To explore the experiences of cancer patients withdrawing from clinical trials, Ulrich and her team recruited and interviewed 20 adult patients who had a cancer diagnosis in one of four categories: gastrointestinal or genitourinary cancer; hematological or lymphatic malignant disorders; lung cancer; and breast or gynecological cancer.
Among the themes that arose from the interviews was the emotion that withdrawal produced. One patient talked about the disappointment of being taken out of the trial: “A 70 percent reduction. I was elated. I was happy. I had no side effects, and I couldn’t have been happier. My Doctor … was very happy. Then what happened was I had a scan and the scan came back saying that I had one or two new nodes that were somewhat active in my neck as I recall. The protocol of the trial says any new nodes, you know, you come off the trial. Well, that’s where the protocol of the trial and the patient benefit collided, because I’m obviously benefiting if their own records show that I had a 70 percent reduction and I had no side effects and no nodes that I could feel. They were all so small that they were internal type things that you couldn’t feel.”
Another theme was a view of the trial in hindsight and, potentially, regrets. An example was a patient who in hindsight thought the trial was a mistake: “But, you know, the next six months of my…you know, I probably can’t fly the way I want to and travel the way I want to and…This is kind of messing the rest of my life up…I’m frustrated and angry, to be quite honest with you – because…this is not the summer the way I thought. Okay, I’m done my treatment. I’m gonna be fine. I was feeling good. And I started taking this stupid drug and all of a sudden, you know, I’ve had the reaction and now the PEs, and now the next six months or whatever, it’s gonna be I have to stay on blood thinners and…you know, I can’t go back to karate. Like all the things that make me sane, I can’t do.”

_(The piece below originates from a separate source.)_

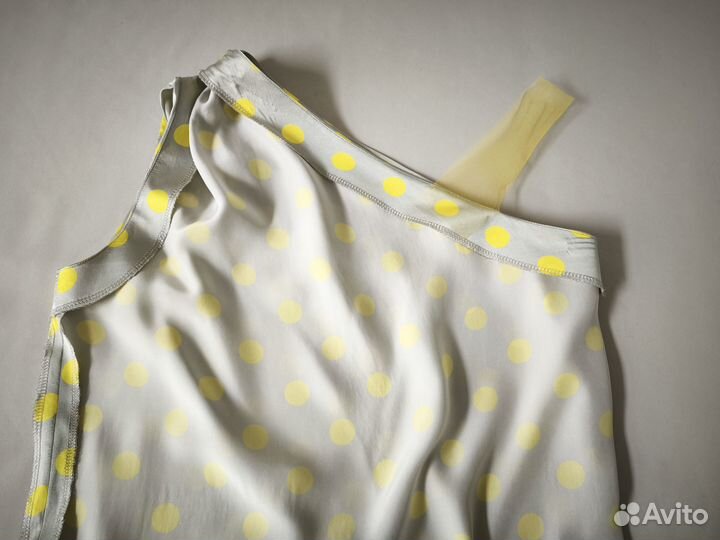 Платье в горох декольте Дианы размер L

The study is very interesting, said Margaret Quinn Rosenzweig, associate director of catchment area research for UPMC Hillman Cancer Center and a professor of nursing at the University of Pittsburgh School of Nursing.
“The study highlighted a population of patients who are very important but often not acknowledged – those who have agreed to be on a clinical trial and then need to be discontinued from the trials due to disease progression or toxicity, Rosenzweig said in an email. “Clinical trials can be seen as a great treatment option that offers hope. Often these are offered after traditional therapy has not been effective in controlling the disease. The concerns of the patients as they realize the implication of the trial discontinuation are beautifully documented in this article. Patients report a feeling of being frightened and somewhat adrift, without clear counseling regarding their disease status and ‘what comes next’.”

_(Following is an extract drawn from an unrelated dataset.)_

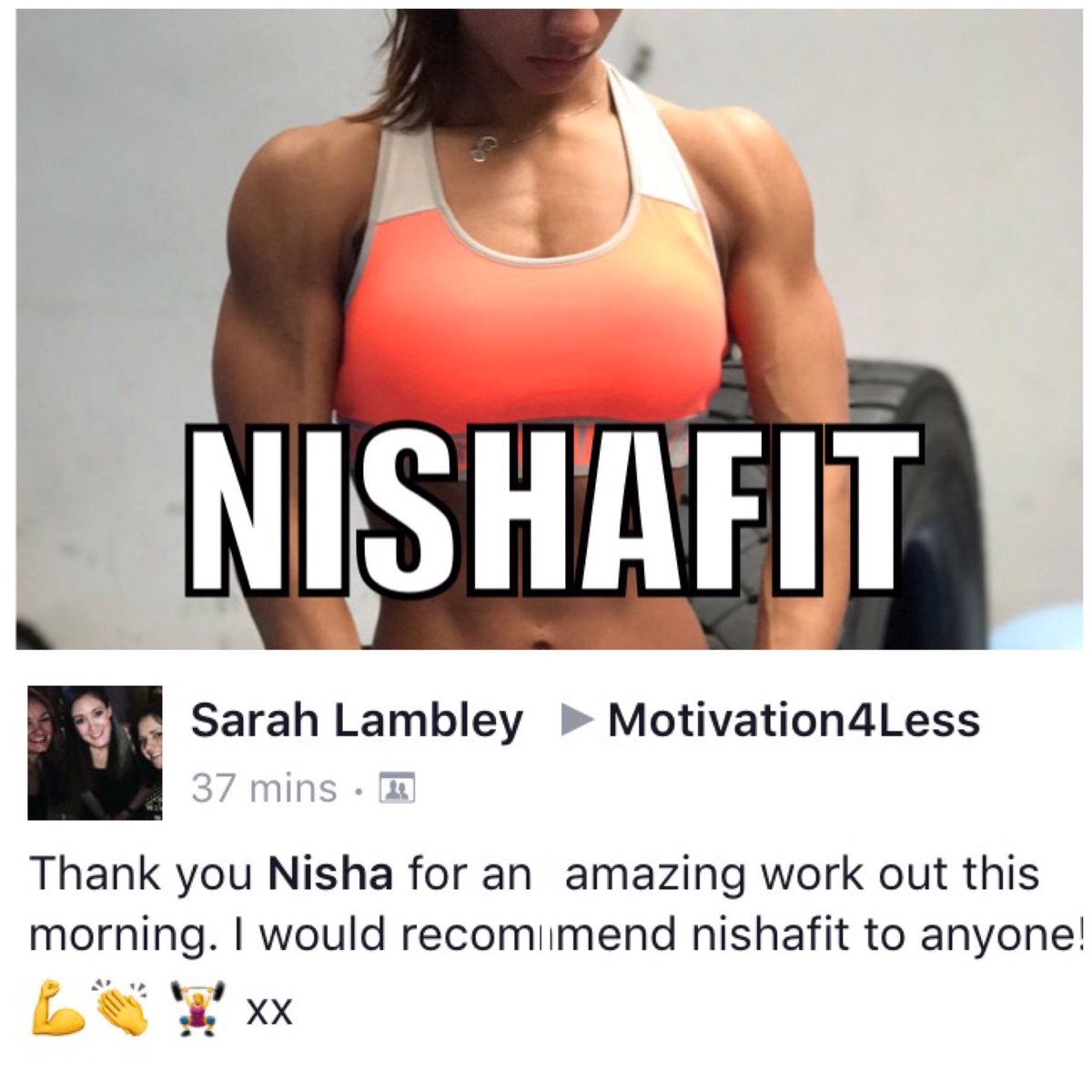 T4_Training's tweet photo. Wednesdays 06:15am xercise4less Sunderland 🏋🏽‍♀️🔥💪🏽 #BuildABetterBody #T4Training #NishaFit #xercise4less #PhysioApproved https://t.co/JKfMgzcsnz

Rosenzweig says she sees this in her practice.
“There is a great deal of hope associated with clinical trial enrollment, particularly for patients who have been so disappointed by previous treatments and disease progressions,” she said. “When the clinical trial needs to be discontinued – that is very disappointing and, in some cases, demoralizing to the patient and family. When the trial needs to be stopped for disease progression – there is an immediate fear among patients who realize that treatment will be needed quickly. If the trial needs to be stopped for toxicity, there is the additional burden of recovering from the toxicity that occurred. If the patient elects to go to another treatment option following the clinical trial, there can be a sense of worry that the treatment does not offer much hope for efficacy.”